Chapitre 35

55 8 6
                                    

Le repas s'est déroulé le plus simplement possible. Ma mère discutait de n'importe quel sujet qui lui traversait l'esprit avec Timéo, m'incluant de temps en temps dans leur conversation. Elle paraissait tellement sereine que j'aurais pu penser qu'elle avait oublié ce qu'elle devrait me dire plus tard, mais je ne me faisais pas d'illusion. Même si je m'étais considérablement éloigné de ma famille ces derniers temps, je sais que ma mère n'oublie jamais. Mon père a semblé songeur durant tout le repas, n'ouvrant que très rarement la bouche. Ayant terminé mon repas depuis quelques minutes déjà, j'observais Timéo du coin de l'oeil, détournant les yeux dès que les siens se posaient sur moi. J'étais assis à côté de ma mère, en face de moi se trouvait mon père, à côté duquel se trouvait donc le jeune homme qui attirait mes pensées. 

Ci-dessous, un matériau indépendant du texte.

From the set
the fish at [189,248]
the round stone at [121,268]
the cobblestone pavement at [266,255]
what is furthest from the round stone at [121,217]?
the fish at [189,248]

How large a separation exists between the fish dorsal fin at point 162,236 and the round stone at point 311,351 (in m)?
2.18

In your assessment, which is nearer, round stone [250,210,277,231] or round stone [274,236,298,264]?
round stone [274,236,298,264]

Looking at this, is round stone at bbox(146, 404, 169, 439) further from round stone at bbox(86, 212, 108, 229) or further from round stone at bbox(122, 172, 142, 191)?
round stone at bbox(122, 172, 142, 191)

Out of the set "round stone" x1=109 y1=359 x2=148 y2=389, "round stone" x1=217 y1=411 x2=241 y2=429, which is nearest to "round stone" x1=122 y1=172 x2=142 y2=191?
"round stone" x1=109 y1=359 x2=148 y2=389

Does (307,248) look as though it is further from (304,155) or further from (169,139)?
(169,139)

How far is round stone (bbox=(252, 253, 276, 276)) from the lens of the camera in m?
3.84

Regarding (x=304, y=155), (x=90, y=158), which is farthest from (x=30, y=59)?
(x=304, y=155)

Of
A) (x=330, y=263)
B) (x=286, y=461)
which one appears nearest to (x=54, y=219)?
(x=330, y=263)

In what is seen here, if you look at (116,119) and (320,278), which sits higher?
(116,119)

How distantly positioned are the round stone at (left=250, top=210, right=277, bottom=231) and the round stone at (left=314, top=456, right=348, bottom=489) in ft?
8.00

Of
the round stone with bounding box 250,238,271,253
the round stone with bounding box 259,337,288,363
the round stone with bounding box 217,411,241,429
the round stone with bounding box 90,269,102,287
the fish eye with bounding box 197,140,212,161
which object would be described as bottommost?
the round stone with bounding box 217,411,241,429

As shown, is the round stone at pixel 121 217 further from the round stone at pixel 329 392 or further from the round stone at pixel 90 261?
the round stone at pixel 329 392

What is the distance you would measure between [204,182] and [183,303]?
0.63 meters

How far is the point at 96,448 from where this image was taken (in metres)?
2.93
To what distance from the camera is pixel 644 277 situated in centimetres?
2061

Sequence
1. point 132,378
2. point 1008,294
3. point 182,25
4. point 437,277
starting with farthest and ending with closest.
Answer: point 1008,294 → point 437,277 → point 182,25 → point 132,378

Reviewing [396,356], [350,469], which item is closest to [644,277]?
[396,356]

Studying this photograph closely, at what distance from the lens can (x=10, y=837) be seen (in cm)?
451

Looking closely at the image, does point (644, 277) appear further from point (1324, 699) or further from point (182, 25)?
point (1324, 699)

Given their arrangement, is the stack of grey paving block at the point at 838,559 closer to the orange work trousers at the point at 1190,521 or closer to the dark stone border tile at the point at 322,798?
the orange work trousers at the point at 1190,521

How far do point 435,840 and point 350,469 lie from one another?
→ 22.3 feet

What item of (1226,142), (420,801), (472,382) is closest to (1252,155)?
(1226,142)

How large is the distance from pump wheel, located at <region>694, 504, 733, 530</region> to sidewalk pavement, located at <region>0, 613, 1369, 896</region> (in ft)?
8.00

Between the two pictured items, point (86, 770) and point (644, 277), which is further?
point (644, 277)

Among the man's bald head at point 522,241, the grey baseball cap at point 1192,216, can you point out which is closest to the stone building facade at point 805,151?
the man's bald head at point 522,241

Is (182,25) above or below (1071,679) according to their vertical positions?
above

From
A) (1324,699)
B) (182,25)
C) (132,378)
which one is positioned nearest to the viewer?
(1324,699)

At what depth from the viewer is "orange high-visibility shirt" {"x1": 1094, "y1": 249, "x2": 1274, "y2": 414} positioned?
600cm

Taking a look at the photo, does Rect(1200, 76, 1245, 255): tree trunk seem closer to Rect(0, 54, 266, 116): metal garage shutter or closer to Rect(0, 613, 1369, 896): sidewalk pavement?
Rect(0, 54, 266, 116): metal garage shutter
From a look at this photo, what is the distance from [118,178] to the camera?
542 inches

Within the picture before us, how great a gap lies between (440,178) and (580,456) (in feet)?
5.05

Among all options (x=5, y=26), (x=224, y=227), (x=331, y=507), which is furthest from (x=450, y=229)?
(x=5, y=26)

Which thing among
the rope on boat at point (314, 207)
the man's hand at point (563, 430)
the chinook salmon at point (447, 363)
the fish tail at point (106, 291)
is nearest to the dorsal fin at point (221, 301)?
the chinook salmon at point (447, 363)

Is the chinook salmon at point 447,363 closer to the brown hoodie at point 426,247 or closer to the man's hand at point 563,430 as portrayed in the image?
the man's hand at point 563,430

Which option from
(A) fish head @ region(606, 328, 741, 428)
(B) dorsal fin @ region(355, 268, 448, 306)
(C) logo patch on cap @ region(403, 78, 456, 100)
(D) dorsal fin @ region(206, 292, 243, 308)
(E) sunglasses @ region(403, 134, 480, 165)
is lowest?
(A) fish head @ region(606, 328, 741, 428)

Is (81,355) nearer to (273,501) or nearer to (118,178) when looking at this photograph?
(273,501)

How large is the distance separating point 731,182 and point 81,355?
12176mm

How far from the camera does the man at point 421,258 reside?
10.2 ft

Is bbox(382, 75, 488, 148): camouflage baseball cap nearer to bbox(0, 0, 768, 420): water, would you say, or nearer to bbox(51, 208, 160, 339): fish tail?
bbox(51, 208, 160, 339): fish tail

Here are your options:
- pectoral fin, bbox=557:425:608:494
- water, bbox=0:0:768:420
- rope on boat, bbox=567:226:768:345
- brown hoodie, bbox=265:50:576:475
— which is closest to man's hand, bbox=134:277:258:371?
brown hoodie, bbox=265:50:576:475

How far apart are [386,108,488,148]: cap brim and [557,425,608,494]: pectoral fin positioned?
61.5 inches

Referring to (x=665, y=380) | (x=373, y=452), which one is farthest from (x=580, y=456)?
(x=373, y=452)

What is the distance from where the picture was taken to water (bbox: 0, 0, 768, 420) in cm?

Sans savoir pourquoi, je finis par me relever. Une fois debout, j'attrape mon assiette et la débarrasse sous le regard stupéfait de ma mère. 

- Mathis ? 
- Quoi ?
- On ne dit pas quoi, on dit...
- Comment, oui, je sais. Donc ?
- Je peux savoir pourquoi tu débarrasses tes couverts ? Le repas n'est pas terminé. 
- Pour vous, peut-être, pour moi, oui. 
- Tu reviens t'asseoir, s'il te plaît. 

Soudain, alors que je soufflais abandonnant l'idée de sortir de table, j'aperçois en ouvrant les yeux Timéo, qui s'était levé, portant le plat.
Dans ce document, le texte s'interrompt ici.